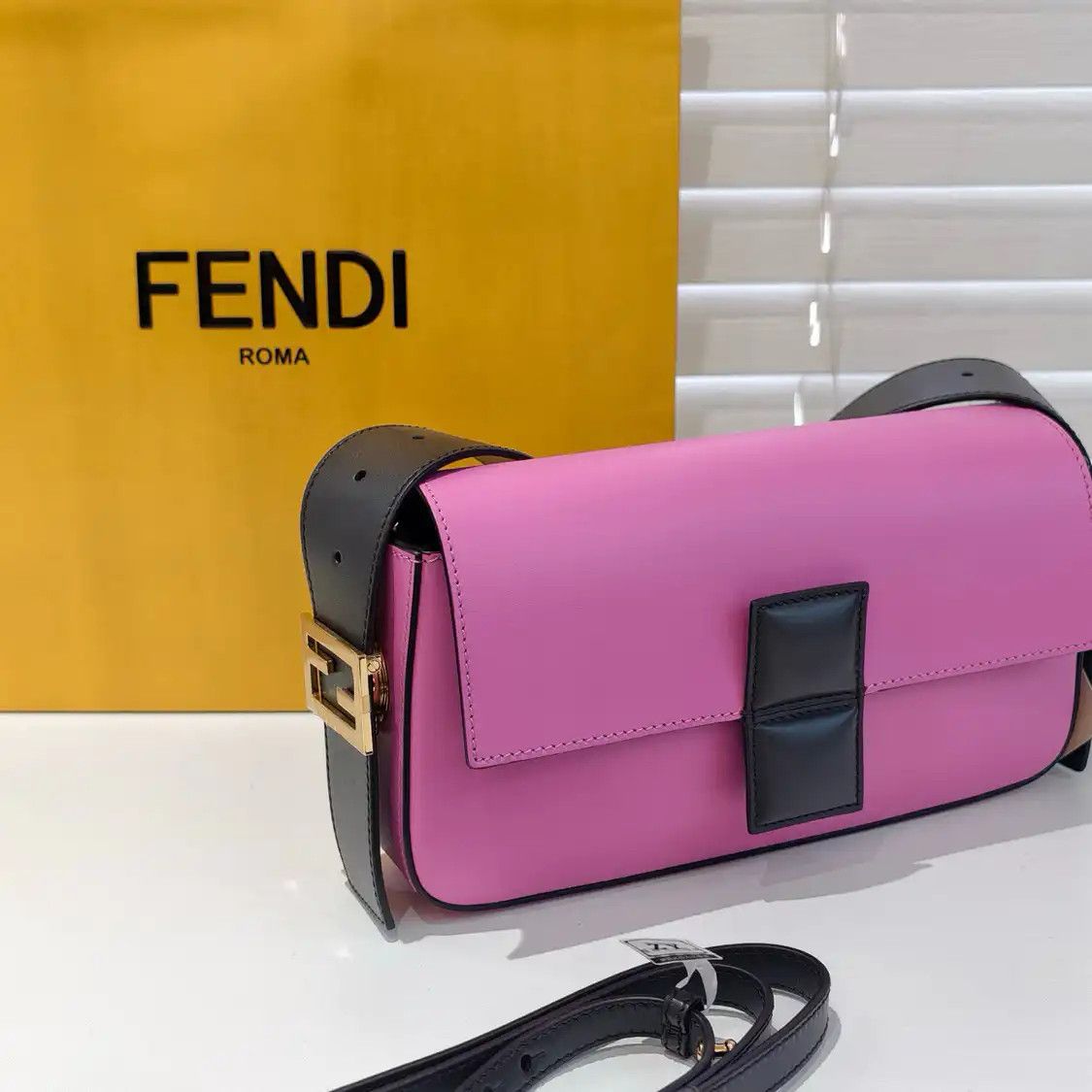 Fendi FENDI Baguette pink leather crossbody bag Size ONE SIZE - 4 Thumbnail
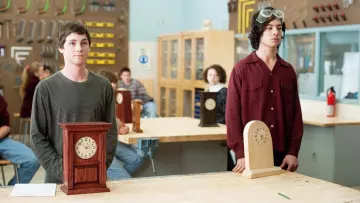 L'horloge en bois de Patrick (Ezra Miller) dans le film Le monde de Charlie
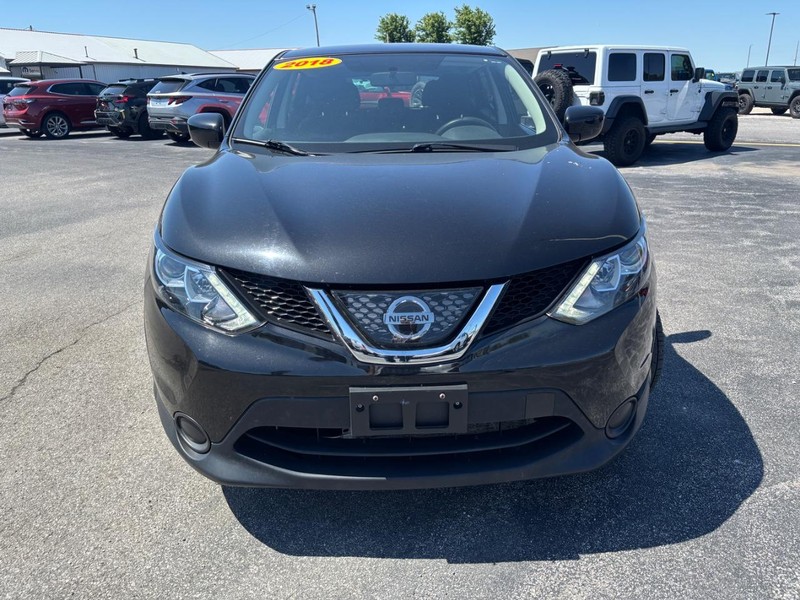 Nissan Rogue Sport Vehicle Image 11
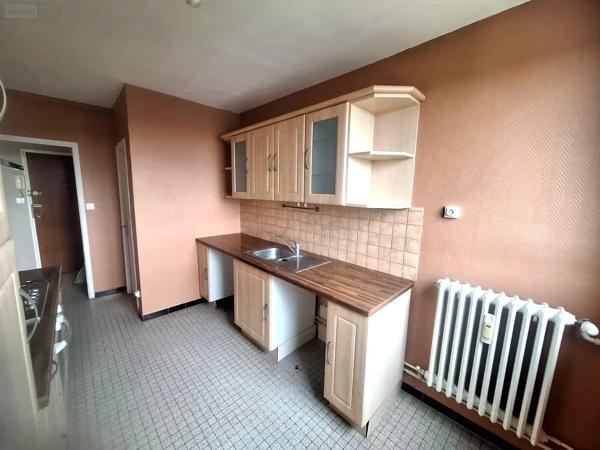 Location - Appartement Chalon-sur-Saône 71100 2 pièces 47 m 2
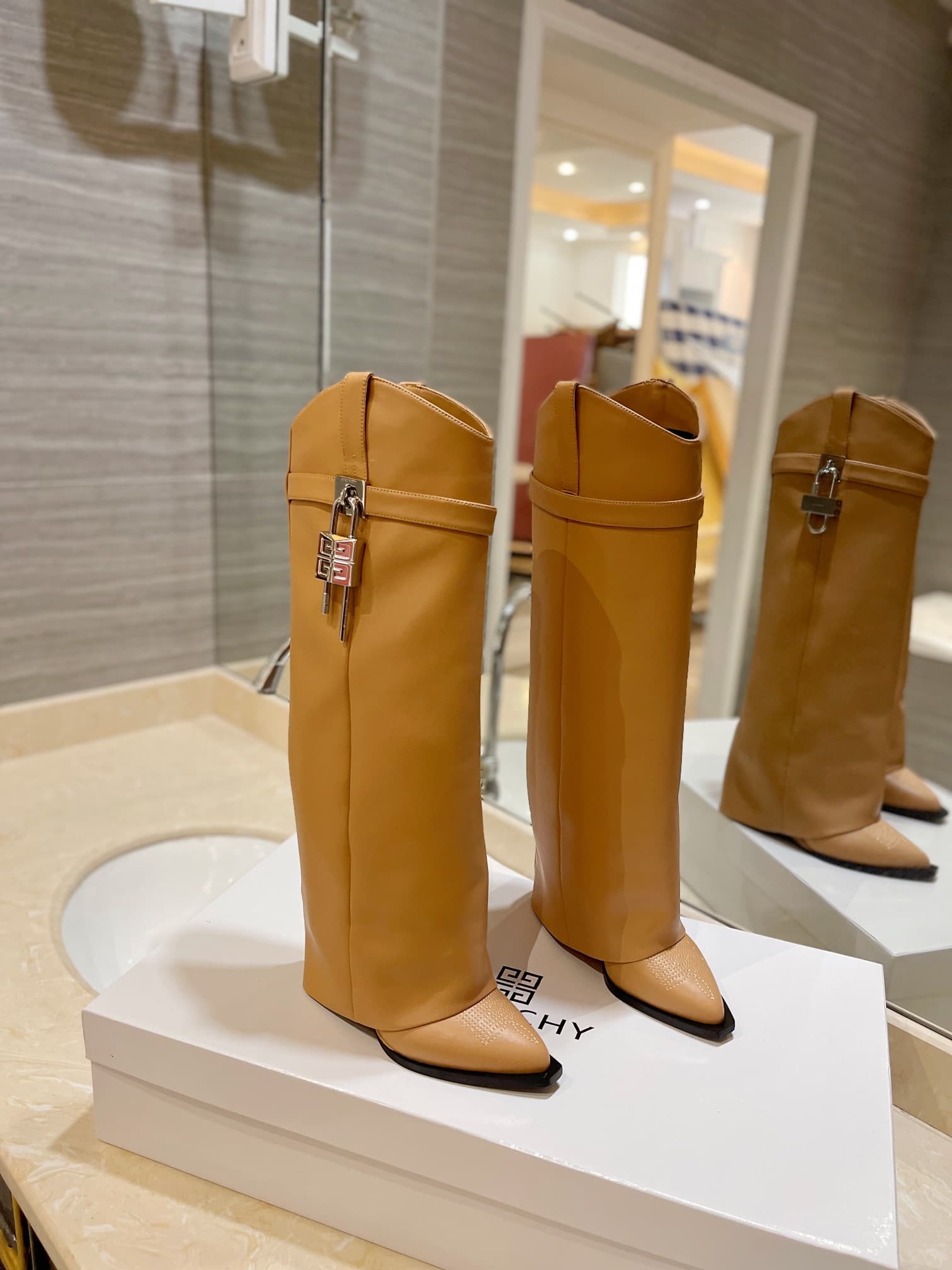 D6538 💰 Authentic, high-quality customized version from the retail store — image 1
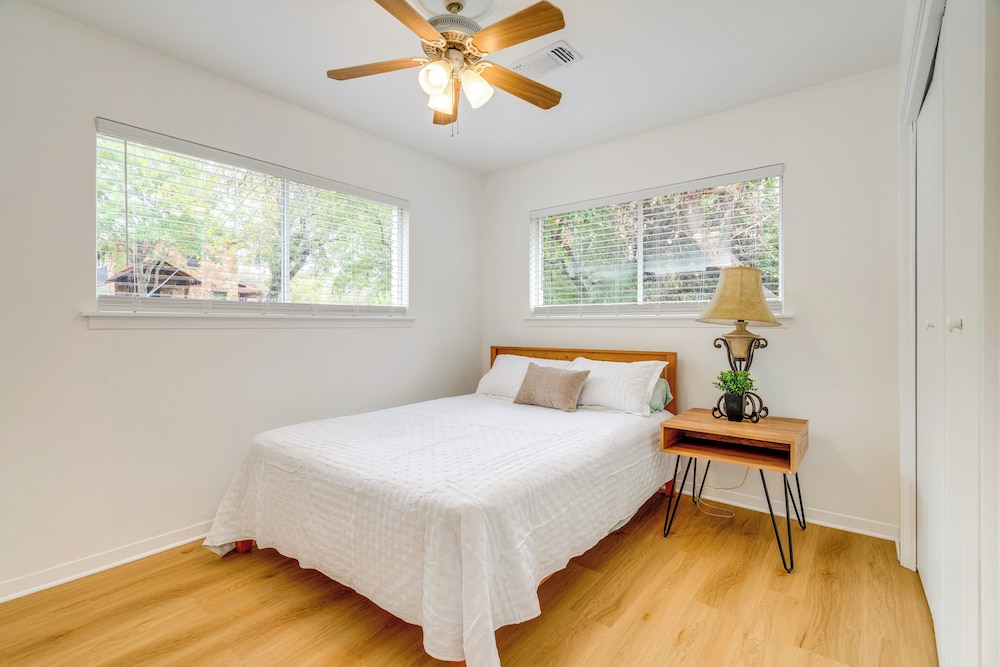 1/2 Mi to UT Austin Campus: Well-equipped Duplex!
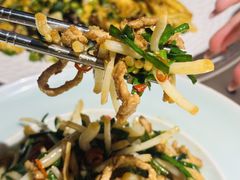 -雀舞云南菜(天津天河城购物中心店)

..............................

◆ **WORK TASK**: The answer must be the full set of records, repeated exactly, with no pictures.

◆ **RESPONSE TO THIS EXERCISE**:
 Fendi FENDI Baguette pink leather crossbody bag Size ONE SIZE - 4 Thumbnail
 L'horloge en bois de Patrick (Ezra Miller) dans le film Le monde de Charlie
 Nissan Rogue Sport Vehicle Image 11
 Location - Appartement Chalon-sur-Saône 71100 2 pièces 47 m 2
 D6538 💰 Authentic, high-quality customized version from the retail store — image 1
 1/2 Mi to UT Austin Campus: Well-equipped Duplex!
 -雀舞云南菜(天津天河城购物中心店)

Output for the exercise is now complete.